WHAT YOU SHOULD DO
Go to the line below that contains "in White Black". From there to the end of the records, reproduce each line exactly, except the pictures.

--------

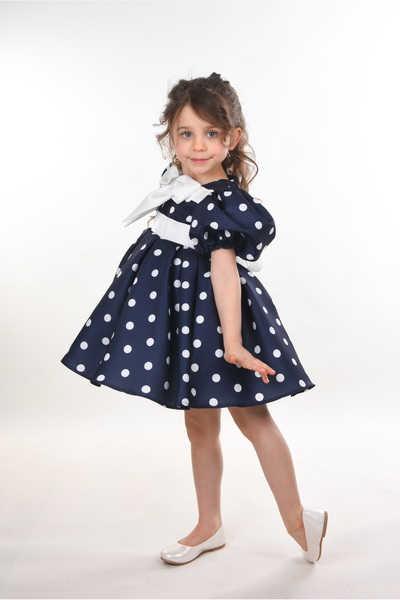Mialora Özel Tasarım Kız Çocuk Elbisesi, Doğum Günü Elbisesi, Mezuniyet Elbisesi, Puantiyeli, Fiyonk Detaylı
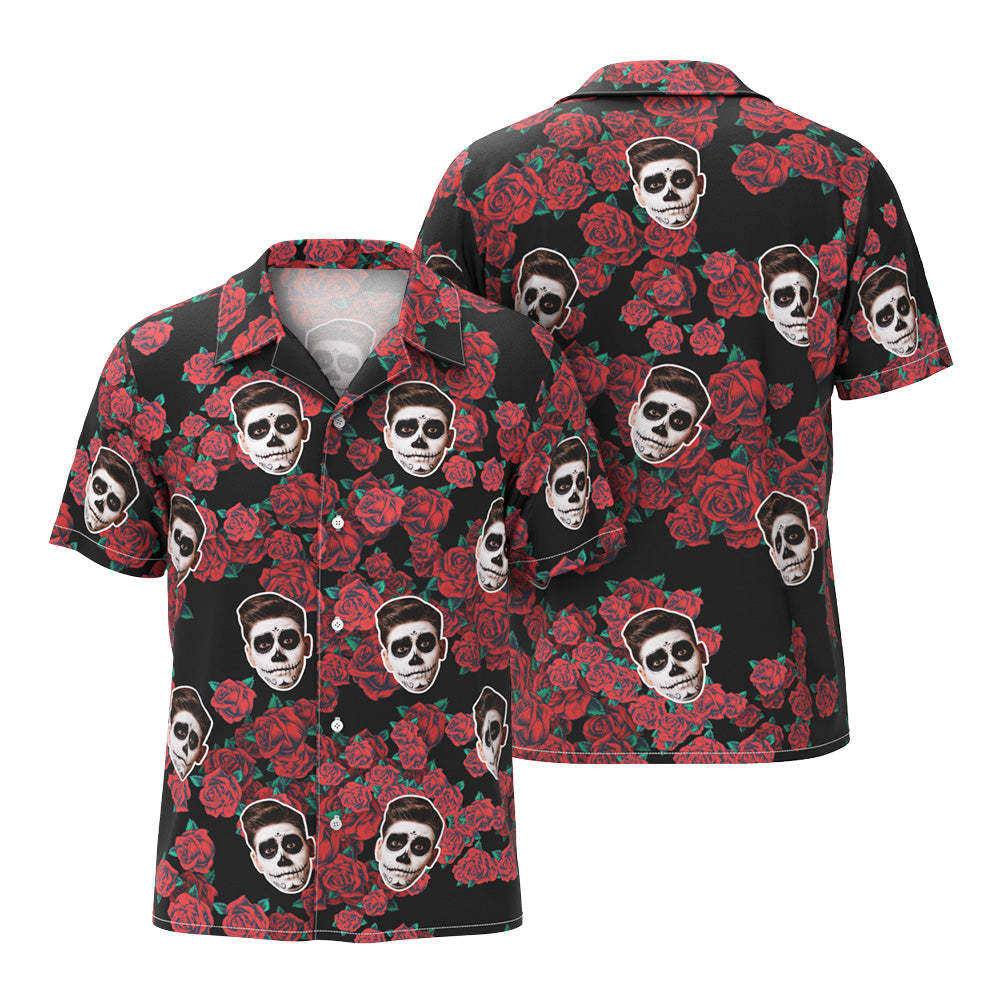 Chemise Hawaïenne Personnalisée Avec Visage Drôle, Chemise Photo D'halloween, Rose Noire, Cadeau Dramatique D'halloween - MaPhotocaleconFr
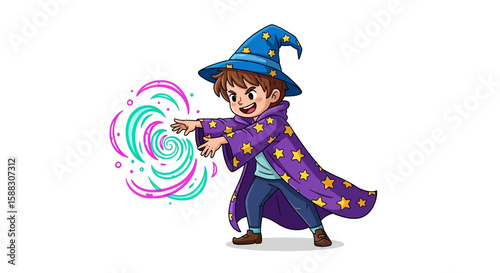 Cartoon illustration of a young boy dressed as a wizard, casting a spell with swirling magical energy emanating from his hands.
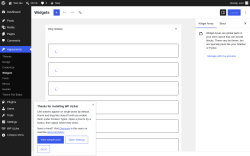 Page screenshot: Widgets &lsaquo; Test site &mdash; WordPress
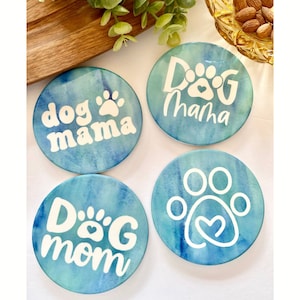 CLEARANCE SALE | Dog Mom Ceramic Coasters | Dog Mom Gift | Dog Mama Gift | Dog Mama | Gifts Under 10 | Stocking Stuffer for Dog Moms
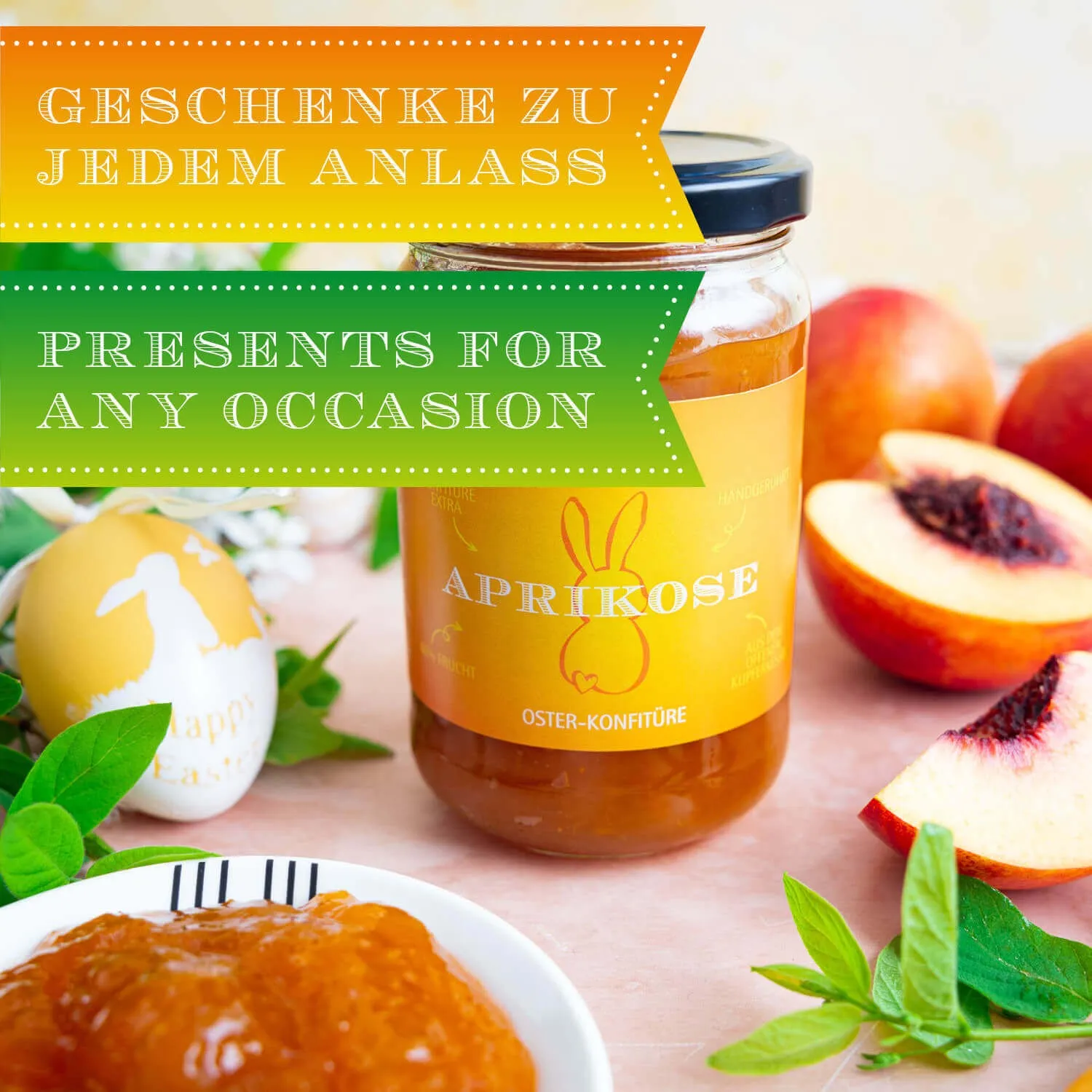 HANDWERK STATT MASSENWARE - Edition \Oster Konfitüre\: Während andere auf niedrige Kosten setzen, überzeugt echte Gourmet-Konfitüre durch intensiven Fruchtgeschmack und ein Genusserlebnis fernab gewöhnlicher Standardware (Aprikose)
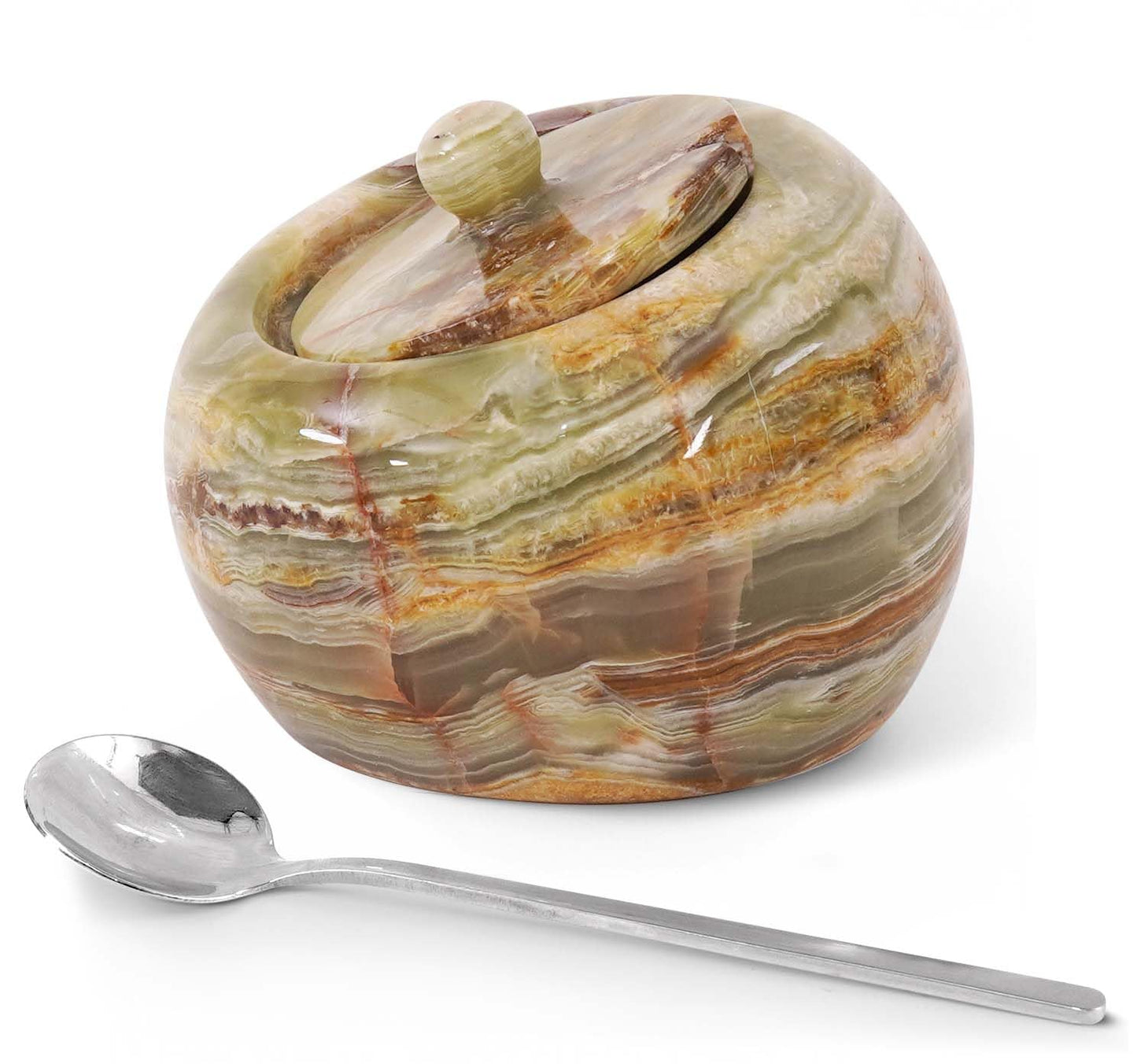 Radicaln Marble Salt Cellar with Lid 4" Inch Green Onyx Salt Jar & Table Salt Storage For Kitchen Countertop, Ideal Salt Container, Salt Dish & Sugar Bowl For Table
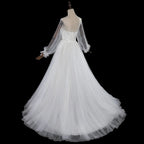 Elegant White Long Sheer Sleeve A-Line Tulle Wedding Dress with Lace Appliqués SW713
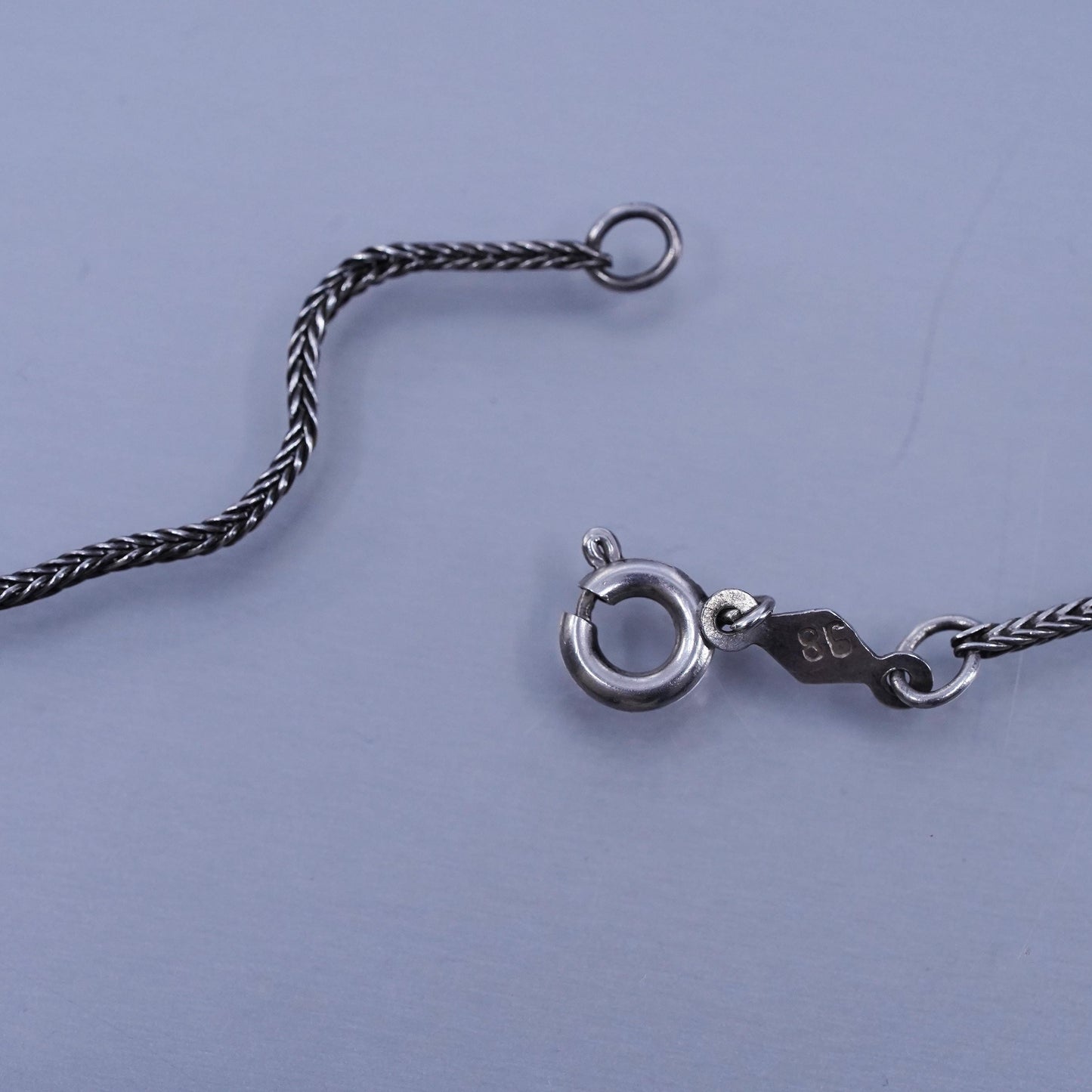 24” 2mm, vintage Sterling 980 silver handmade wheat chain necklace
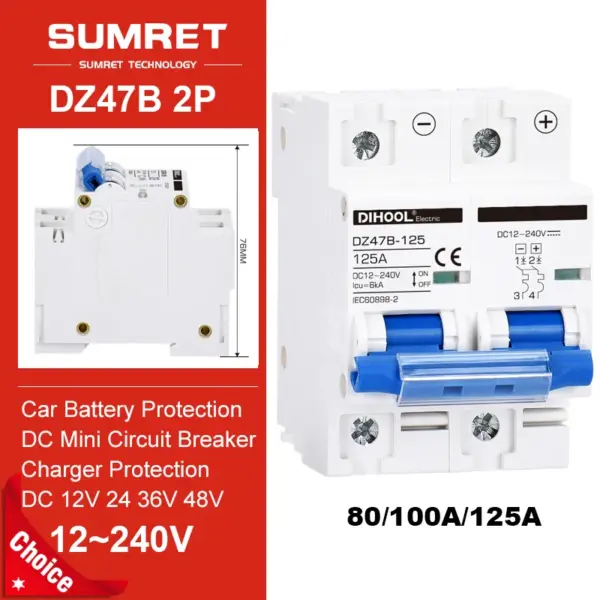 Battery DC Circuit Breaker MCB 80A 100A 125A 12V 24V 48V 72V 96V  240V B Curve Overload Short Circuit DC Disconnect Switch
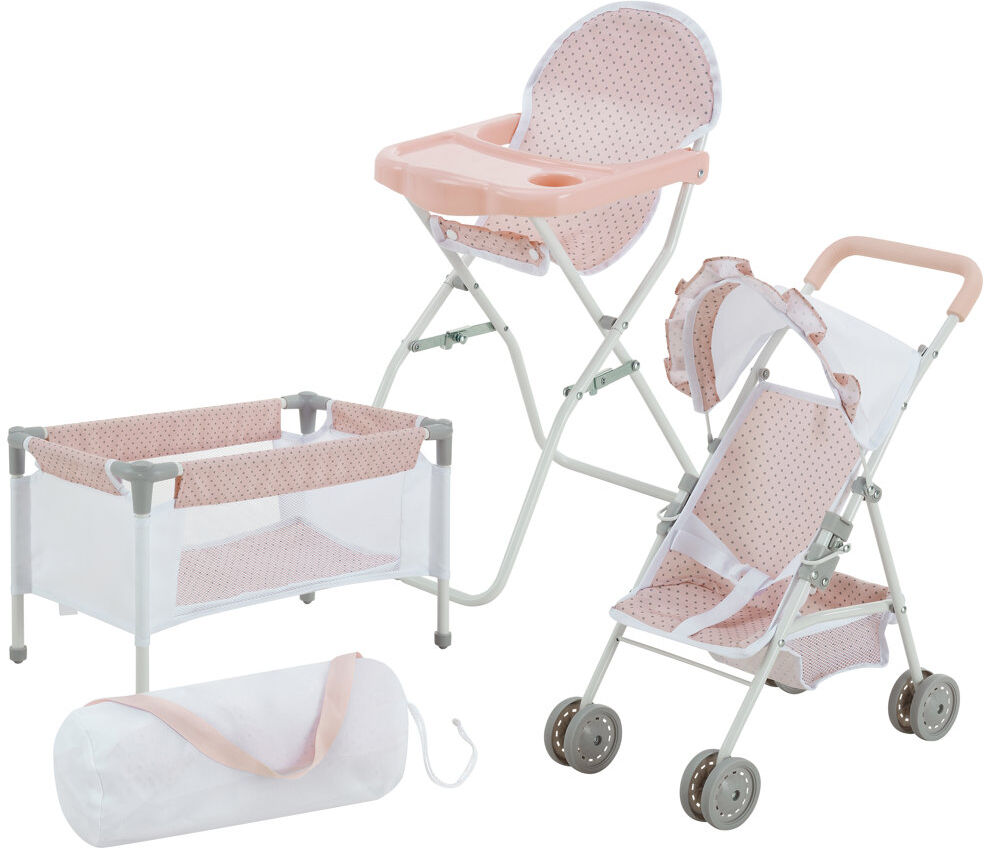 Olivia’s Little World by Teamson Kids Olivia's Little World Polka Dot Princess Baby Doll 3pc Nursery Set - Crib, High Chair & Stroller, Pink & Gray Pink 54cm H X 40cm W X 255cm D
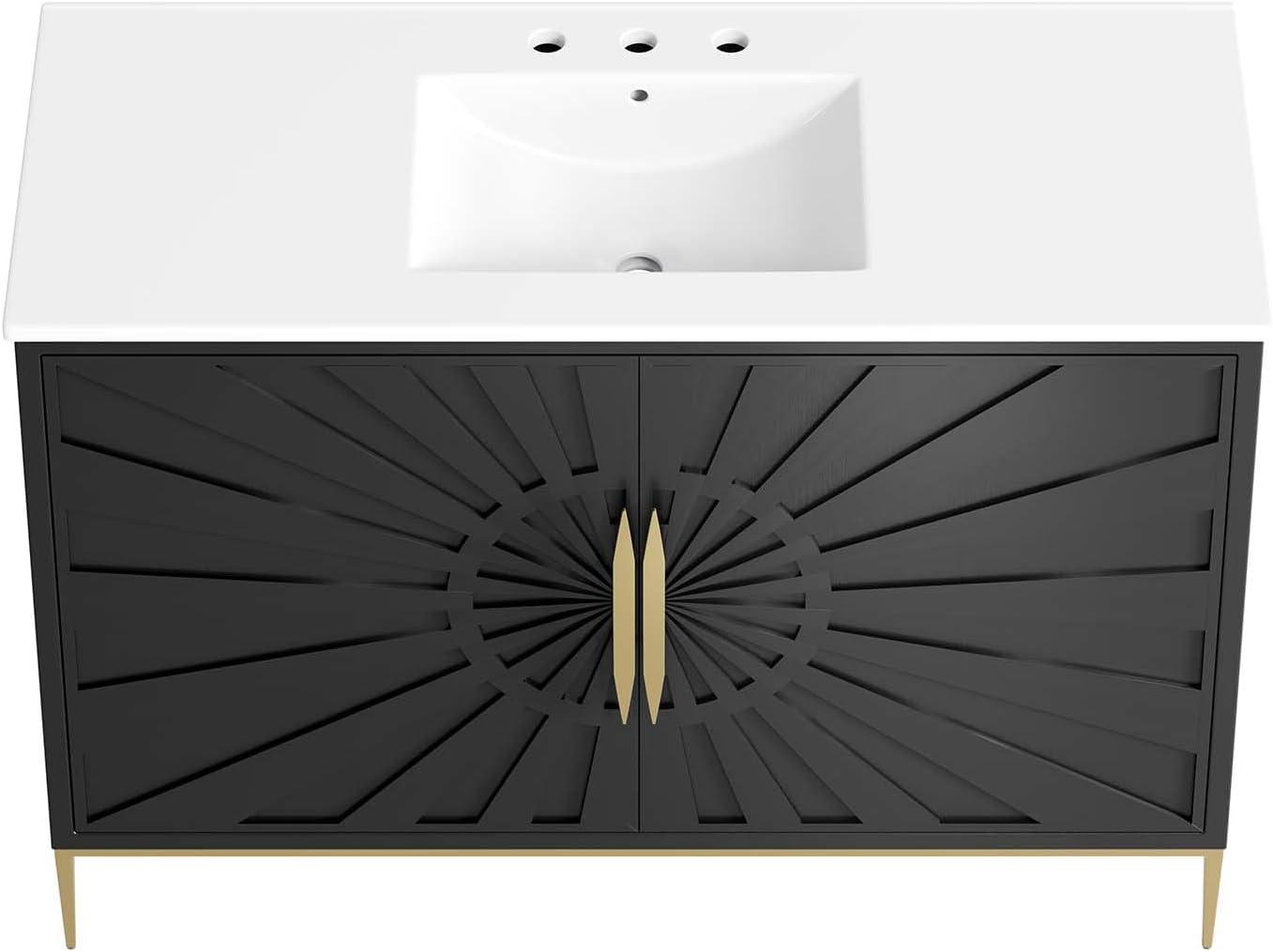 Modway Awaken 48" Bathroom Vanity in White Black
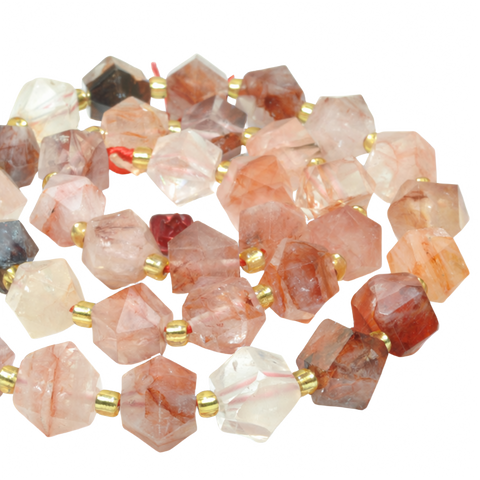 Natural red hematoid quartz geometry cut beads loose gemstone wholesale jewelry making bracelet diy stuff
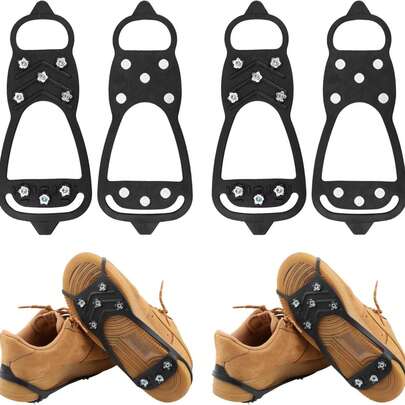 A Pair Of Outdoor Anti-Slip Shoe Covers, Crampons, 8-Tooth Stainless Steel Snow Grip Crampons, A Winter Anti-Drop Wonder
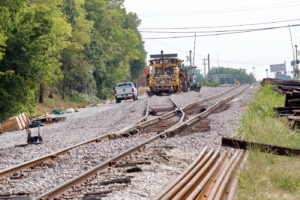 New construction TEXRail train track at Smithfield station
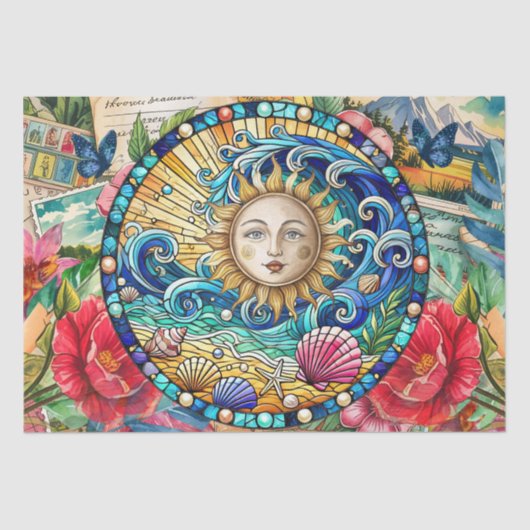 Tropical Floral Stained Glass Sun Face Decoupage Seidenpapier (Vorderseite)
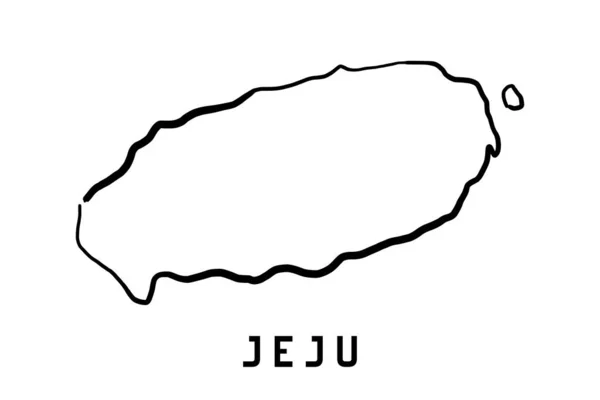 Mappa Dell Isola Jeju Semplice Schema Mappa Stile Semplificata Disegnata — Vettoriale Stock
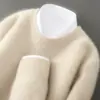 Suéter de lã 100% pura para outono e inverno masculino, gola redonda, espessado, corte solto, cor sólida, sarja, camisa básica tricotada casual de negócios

--------

TASK RESPONSE
 Modway Awaken 48" Bathroom Vanity in White Black
 Natural red hematoid quartz geometry cut beads loose gemstone wholesale jewelry making bracelet diy stuff
 A Pair Of Outdoor Anti-Slip Shoe Covers, Crampons, 8-Tooth Stainless Steel Snow Grip Crampons, A Winter Anti-Drop Wonder
 New construction TEXRail train track at Smithfield station
 Tropical Floral Stained Glass Sun Face Decoupage Seidenpapier (Vorderseite)
 Mappa Dell Isola Jeju Semplice Schema Mappa Stile Semplificata Disegnata — Vettoriale Stock
 Suéter de lã 100% pura para outono e inverno masculino, gola redonda, espessado, corte solto, cor sólida, sarja, camisa básica tricotada casual de negócios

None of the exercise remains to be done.